In concluding her remarks, the noble Baroness said that this is a UK institution, embodying UK values. That seems to deny the reality of devolution. It is entirely possible that at least one of these countries could be an entirely separate nation very soon. That is the practical reality.

Once again, I was struck by the similarity with the climate change debate we had earlier. Sometimes people say, “Well, the scientists will tell us what to do about climate change”. Of course, this cannot be true, because how you get to 1.5 degrees involves a huge number of political choices around the allocation of resources. Similarly with health, many different routes and choices are involved in the effort to produce as healthy as society as we can. Whose health are you talking about? These are all political choices.

The noble Baroness, Lady Fraser, said that this was about data, not delivery.
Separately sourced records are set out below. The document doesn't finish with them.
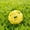 Yellow, variant on Interactive Dog Toys with Auto-Rolling Motion, Durable Dog Toys with Smart Sensor Technology, Dog Toys for Small Dogs and Medium Breeds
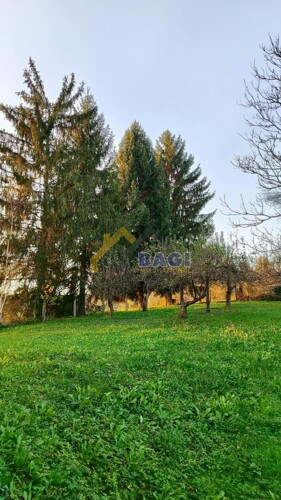 Thumbnail 6181107 - 5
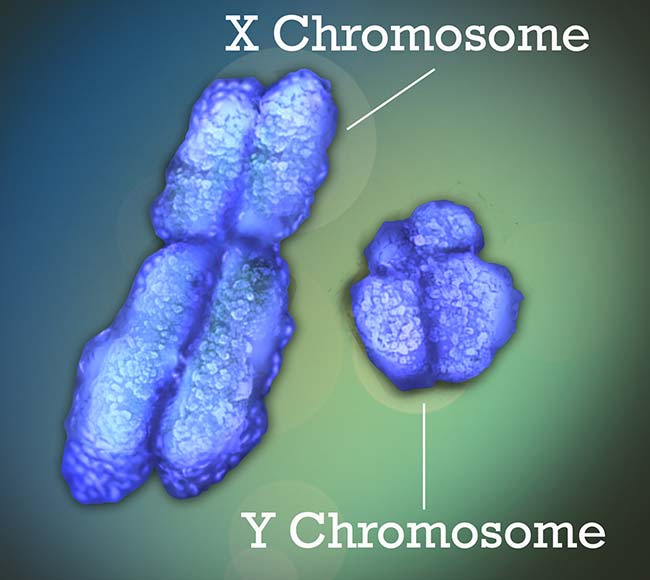 The Y Chromosome: Beyond Gender Determination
Of course, we know that very often what is delivered is what is measured, and if you choose to measure different things, maybe that is because you are seeking to deliver different things.
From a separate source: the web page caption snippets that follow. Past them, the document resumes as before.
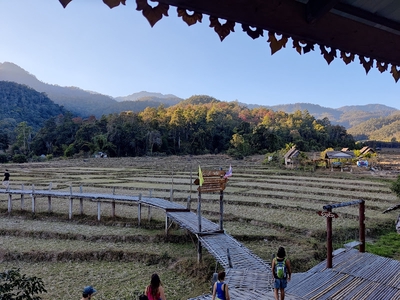 Image of Pai
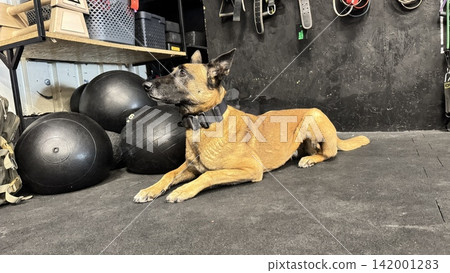 Belgian Malinois dog resting in gym training environment indoors Belgian Malinois dog resting in gym training environment indoors 142001283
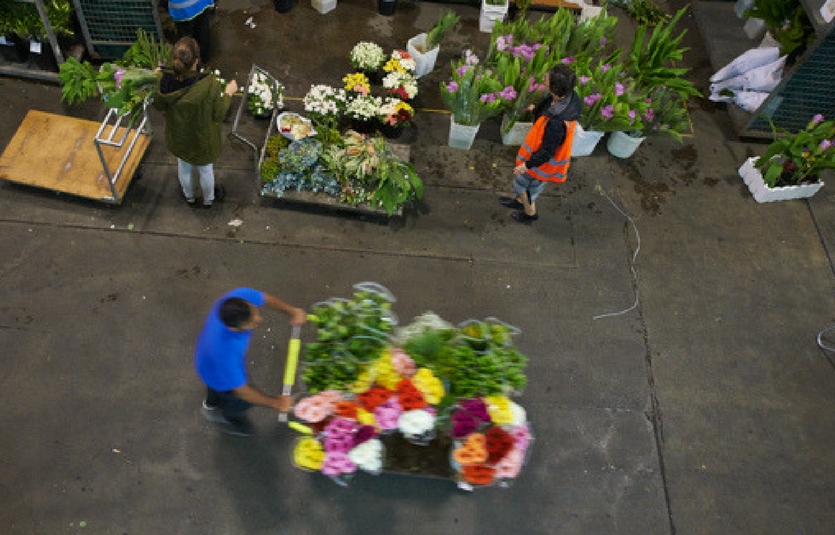 Guide to Sydney Flower Market Sydney Markets Sydney Markets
Like other speakers, I do not have any particular problem with Amendment 17, but I do with Amendment 205 and, in particular, Amendment 301, which says:

“The Secretary of State may … specify binding data interoperability”


and

“Scottish Ministers, Welsh Ministers and Northern Ireland Ministers must arrange for the information”.

I do not speak for the Scottish Government—albeit that they have some Green elements—but I would be surprised if they accepted that kind of wording. I do not wish to redraft on my feet but, if the Minister were looking to redraft, I suspect that something like a direction to the Secretary of State to “work with the Scottish, Welsh and Northern Ireland Ministers to agree” would definitely be preferable.
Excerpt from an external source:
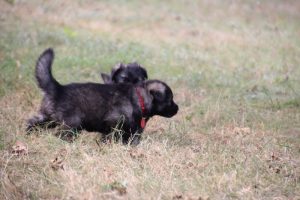 comme chiens et loups0049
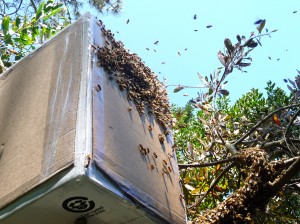 Bees fly into a box used to capture swarms. Photo by Charlie Blevins.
However, I agree with the noble Baroness, Lady Finlay, who gave us some very detailed and informed comment, that the best way to achieve this is by institutions at an operational level working together to find ways to link things up. If we take the example given by the noble Baroness, Lady Fraser, about her daughter’s situation, we can all be very annoyed that that apparently rather simple situation has not been sorted out. But I do not think drafting law in your Lordships’ Chamber is the way to sort that problem out. That needs to be at a very different level, and it needs to be sorted out as soon as possible.